The above embodiments are intended to illustrate the substantial content of the present invention, but do not limit the scope of the present invention. A person skilled in the art should understand that the technical solutions of the present invention may be modified or equivalently substituted without departing from the spirit and scope of the technical solutions of the present invention.

Claims (10)

1. A group of metabolic markers for the diagnosis of coronary atherosclerosis and stable angina pectoris, characterized by comprising one or more metabolic markers as described below: glutathione, beta-hydroxybutyrate, guanidine Amino acid, fumaric acid, phenylalanine, lactic acid.
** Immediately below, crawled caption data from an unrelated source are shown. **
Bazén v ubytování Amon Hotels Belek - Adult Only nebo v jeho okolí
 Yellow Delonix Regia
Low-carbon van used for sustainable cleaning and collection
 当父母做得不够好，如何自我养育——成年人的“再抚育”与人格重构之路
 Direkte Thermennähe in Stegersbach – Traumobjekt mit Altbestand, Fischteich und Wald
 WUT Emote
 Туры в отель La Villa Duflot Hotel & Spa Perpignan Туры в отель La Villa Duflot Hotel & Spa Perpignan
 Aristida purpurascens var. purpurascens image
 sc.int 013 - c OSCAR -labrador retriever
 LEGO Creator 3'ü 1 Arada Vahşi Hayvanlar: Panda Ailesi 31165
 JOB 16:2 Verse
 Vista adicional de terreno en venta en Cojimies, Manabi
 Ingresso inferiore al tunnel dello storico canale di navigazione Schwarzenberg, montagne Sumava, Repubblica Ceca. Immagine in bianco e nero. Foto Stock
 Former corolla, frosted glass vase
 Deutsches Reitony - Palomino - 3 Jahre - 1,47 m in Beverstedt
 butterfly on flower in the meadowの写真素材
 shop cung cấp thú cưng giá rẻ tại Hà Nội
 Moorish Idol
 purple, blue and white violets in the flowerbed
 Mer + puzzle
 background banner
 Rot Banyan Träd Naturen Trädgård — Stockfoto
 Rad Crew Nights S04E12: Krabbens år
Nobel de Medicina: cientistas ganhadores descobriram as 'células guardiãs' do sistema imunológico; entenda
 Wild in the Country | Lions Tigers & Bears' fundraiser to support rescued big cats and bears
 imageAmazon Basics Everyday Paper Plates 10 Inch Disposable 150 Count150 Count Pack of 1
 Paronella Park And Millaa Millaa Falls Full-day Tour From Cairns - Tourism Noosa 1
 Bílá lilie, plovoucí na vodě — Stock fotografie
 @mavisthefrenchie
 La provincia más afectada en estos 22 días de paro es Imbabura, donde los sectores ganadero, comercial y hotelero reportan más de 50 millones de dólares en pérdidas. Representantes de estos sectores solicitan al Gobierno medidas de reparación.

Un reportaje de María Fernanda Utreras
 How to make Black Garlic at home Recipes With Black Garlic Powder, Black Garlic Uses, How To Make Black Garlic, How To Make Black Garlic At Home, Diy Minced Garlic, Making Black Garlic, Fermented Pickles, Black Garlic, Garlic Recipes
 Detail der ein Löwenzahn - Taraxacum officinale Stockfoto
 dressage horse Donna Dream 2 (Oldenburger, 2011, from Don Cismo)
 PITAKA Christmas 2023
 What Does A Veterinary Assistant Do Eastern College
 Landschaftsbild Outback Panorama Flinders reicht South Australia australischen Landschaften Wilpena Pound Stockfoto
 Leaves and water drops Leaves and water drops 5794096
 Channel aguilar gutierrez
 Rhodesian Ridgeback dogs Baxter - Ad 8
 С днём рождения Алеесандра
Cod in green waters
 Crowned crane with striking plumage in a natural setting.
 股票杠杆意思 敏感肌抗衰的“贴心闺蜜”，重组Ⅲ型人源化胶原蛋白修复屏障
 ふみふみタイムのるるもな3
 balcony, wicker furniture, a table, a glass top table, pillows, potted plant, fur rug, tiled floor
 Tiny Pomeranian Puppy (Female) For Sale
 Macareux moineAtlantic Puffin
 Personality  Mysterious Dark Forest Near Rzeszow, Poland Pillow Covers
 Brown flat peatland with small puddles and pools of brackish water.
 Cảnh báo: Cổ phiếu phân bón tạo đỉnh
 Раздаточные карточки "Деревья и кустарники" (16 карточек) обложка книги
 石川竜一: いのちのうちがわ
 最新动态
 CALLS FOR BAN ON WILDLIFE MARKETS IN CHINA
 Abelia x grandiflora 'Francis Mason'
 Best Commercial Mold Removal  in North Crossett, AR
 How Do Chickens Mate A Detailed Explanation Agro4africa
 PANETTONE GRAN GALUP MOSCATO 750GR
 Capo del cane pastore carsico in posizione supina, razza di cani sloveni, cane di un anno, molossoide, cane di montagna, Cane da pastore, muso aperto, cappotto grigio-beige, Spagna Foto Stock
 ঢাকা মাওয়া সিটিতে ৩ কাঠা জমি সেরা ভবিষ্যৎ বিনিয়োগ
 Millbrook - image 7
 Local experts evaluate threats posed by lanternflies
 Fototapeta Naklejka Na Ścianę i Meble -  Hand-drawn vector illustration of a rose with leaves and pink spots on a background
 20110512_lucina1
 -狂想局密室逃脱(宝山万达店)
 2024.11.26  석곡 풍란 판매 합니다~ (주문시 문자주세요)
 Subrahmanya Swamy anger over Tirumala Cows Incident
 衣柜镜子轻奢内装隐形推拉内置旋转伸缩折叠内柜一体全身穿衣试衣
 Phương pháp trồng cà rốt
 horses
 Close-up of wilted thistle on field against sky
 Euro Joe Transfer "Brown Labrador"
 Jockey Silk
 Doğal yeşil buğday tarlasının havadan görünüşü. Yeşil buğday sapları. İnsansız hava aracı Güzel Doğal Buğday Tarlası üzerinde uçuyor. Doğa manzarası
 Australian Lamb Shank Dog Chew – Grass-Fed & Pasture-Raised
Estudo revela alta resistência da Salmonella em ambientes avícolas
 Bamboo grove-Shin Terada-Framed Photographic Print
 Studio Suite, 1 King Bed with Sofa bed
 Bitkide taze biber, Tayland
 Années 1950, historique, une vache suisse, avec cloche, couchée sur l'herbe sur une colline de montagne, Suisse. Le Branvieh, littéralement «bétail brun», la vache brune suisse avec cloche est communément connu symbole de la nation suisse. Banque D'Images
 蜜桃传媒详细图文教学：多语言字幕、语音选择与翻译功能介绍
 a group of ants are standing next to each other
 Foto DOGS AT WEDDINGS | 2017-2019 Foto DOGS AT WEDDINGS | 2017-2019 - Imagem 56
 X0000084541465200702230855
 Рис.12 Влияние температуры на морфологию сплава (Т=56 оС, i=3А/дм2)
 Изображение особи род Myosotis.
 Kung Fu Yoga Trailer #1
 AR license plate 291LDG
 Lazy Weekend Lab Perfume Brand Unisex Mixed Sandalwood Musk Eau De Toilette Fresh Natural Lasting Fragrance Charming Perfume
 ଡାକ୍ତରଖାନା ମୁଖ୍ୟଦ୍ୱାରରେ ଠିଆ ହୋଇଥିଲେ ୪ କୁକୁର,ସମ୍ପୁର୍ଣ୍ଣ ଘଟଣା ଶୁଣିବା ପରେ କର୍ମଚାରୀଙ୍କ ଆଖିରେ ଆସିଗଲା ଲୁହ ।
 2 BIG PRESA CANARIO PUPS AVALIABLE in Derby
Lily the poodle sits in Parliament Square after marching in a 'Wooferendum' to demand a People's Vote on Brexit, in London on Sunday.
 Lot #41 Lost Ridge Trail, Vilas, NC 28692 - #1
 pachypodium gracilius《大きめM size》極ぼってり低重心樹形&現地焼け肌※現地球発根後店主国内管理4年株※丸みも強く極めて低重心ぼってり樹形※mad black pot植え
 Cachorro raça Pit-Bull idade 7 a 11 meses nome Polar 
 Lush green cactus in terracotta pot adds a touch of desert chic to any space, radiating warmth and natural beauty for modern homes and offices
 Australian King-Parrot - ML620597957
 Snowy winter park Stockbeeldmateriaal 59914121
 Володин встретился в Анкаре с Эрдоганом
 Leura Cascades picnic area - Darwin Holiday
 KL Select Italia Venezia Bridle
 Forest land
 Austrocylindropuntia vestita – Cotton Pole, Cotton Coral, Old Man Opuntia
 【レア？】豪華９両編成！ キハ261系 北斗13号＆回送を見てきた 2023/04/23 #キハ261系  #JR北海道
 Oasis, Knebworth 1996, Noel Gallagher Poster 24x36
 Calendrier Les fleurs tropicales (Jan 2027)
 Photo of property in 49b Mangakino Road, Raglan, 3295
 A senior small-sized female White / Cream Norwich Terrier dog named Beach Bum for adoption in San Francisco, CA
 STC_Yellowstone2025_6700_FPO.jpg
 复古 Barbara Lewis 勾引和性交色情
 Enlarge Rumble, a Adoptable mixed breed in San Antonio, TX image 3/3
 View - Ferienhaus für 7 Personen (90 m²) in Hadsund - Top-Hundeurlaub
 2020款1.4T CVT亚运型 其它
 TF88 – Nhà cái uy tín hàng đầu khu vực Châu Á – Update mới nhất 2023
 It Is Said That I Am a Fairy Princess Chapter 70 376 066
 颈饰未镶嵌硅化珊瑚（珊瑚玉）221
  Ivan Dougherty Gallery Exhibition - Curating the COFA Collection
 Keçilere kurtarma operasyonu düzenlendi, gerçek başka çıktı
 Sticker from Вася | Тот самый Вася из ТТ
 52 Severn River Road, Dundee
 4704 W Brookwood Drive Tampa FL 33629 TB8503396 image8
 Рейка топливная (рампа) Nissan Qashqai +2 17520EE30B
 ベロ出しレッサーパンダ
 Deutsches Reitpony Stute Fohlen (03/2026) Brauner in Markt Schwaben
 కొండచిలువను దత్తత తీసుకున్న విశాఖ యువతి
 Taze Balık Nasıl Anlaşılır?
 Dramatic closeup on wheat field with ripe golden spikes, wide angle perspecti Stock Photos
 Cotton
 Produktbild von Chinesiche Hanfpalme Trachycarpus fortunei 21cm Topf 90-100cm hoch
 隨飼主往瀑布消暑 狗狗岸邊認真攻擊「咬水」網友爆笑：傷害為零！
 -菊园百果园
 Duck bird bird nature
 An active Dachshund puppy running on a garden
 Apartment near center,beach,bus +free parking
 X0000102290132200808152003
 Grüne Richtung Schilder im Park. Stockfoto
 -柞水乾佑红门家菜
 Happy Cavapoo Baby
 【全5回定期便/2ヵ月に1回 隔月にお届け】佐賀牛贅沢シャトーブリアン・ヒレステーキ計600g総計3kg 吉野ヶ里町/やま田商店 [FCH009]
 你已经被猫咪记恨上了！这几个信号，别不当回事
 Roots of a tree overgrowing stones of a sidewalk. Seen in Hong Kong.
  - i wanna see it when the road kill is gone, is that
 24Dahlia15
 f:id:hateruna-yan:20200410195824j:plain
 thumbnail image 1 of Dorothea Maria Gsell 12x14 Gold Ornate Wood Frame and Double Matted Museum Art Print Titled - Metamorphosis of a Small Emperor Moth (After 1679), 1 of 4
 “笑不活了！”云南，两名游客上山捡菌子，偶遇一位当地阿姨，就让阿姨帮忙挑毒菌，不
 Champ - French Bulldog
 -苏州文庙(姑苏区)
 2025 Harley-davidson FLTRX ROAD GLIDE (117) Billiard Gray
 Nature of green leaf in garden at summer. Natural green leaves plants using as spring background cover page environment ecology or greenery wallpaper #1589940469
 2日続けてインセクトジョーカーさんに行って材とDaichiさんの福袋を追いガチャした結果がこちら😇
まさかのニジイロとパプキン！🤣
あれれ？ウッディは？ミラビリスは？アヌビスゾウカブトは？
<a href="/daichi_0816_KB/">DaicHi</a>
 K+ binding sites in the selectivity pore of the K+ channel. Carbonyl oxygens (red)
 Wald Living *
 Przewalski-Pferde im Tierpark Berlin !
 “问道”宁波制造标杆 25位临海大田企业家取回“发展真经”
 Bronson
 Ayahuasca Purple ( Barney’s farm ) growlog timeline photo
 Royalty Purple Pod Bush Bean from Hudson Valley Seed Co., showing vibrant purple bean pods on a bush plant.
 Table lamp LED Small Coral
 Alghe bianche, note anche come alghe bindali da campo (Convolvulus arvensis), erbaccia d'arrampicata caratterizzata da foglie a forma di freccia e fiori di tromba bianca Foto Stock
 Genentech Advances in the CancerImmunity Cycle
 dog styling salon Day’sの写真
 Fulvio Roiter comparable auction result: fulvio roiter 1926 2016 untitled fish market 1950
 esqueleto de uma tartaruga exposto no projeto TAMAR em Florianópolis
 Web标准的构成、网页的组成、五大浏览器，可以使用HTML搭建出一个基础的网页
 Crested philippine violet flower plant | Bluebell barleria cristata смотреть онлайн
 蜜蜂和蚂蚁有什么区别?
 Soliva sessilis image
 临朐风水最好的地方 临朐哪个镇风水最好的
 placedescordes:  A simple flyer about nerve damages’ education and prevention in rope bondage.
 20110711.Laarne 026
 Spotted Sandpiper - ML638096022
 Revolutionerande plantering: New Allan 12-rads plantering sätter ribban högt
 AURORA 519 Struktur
2. The metabolic marker population for diagnosing coronary atherosclerosis and stable angina pectoris according to claim 1, comprising any two of said metabolic markers.
3. The metabolic marker population for diagnosing coronary atherosclerosis and stable angina pectoris according to claim 1, comprising any three of said metabolic markers.
4. The metabolic marker population for diagnosing coronary atherosclerosis and stable angina pectoris according to claim 1, comprising any four of said metabolic markers.
5. The metabolic marker population for diagnosing coronary atherosclerosis and stable angina pectoris according to claim 1, comprising any five of said metabolic markers.
6. The metabolic marker population for diagnosing coronary atherosclerosis and stable angina pectoris according to claim 1, comprising all six of said metabolic markers.
7. The metabolic marker group for diagnosing coronary atherosclerosis and stable angina pectoris according to any one of claims 1 to 6, wherein the metabolic marker is a plasma metabolic marker.
8. A method for qualitatively or quantitatively analyzing a metabolic marker population for diagnosing coronary atherosclerosis and stable angina pectoris according to any one of claims 1 to 6, characterized in that: LC/MS and/or temperament are employed. The metabolic markers are qualitatively or quantitatively analyzed in combination.
9. A test kit for diagnosing coronary atherosclerosis and stable angina pectoris, comprising the standard of the metabolic marker group according to any one of claims 1 to 6, wherein the standard is each metabolism A chemical monomer or mixture of markers.
10. The test kit according to claim 9, further comprising a solvent that dissolves the standard and/or a solvent that extracts the metabolic marker.